Learn about the challenges of human space flight and the KIT involvement in space research. On Nov. 10, 2011 between 9:45 and 10:15 the astronauts of space shuttle Endeavour’s final flight (STS-134) will present themselves. The press and general public are cordially invited.
On Nov. 10, 2011 astronauts of Endeavour’s last space shuttle flight STS-134 will “land” at KIT during a post-mission tour. After the presentation and a movie screening you can question the astronauts about the challenges of space research and experiences in space.
Endeavour’s last mission was special for KIT: on board was the Alpha Magnetic Spectrometer AMS-02 (see KIT Press Release 068). Scientists from Karlsruhe and Aachen are in charge of the German contribution to the 7000 kg heavy magnetic spectrometer, built in cooperation with 16 countries. “AMS-02 is for invisible radiation what the Hubble space telescope is for visible light”, says Prof. Wim de Boer, AMS-02 Principle Investigator at KIT. “We hope to unravel the nature of the elusive dark matter, presumably a relict of the big bang”.
Meet the astronauts between 9:45 and 11:15 in Audimax, Straße am Forum 1, Campus Süd, KIT.

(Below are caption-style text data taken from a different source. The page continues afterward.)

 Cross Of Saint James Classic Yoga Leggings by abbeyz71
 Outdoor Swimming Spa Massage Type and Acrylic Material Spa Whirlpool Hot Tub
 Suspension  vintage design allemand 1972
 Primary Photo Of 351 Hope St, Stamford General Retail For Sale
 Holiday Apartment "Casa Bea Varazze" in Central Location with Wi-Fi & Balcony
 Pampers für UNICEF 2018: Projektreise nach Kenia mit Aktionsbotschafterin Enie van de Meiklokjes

Being “The Research University in the Helmholtz Association”, KIT creates and imparts knowledge for the society and the environment. It is the objective to make significant contributions to the global challenges in the fields of energy, mobility, and information. For this, about 9,600 employees cooperate in a broad range of disciplines in natural sciences, engineering sciences, economics, and the humanities and social sciences. KIT prepares its 23,300 students for responsible tasks in society, industry, and science by offering research-based study programs. Innovation efforts at KIT build a bridge between important scientific findings and their application for the benefit of society, economic prosperity, and the preservation of our natural basis of life. KIT is one of the German universities of excellence.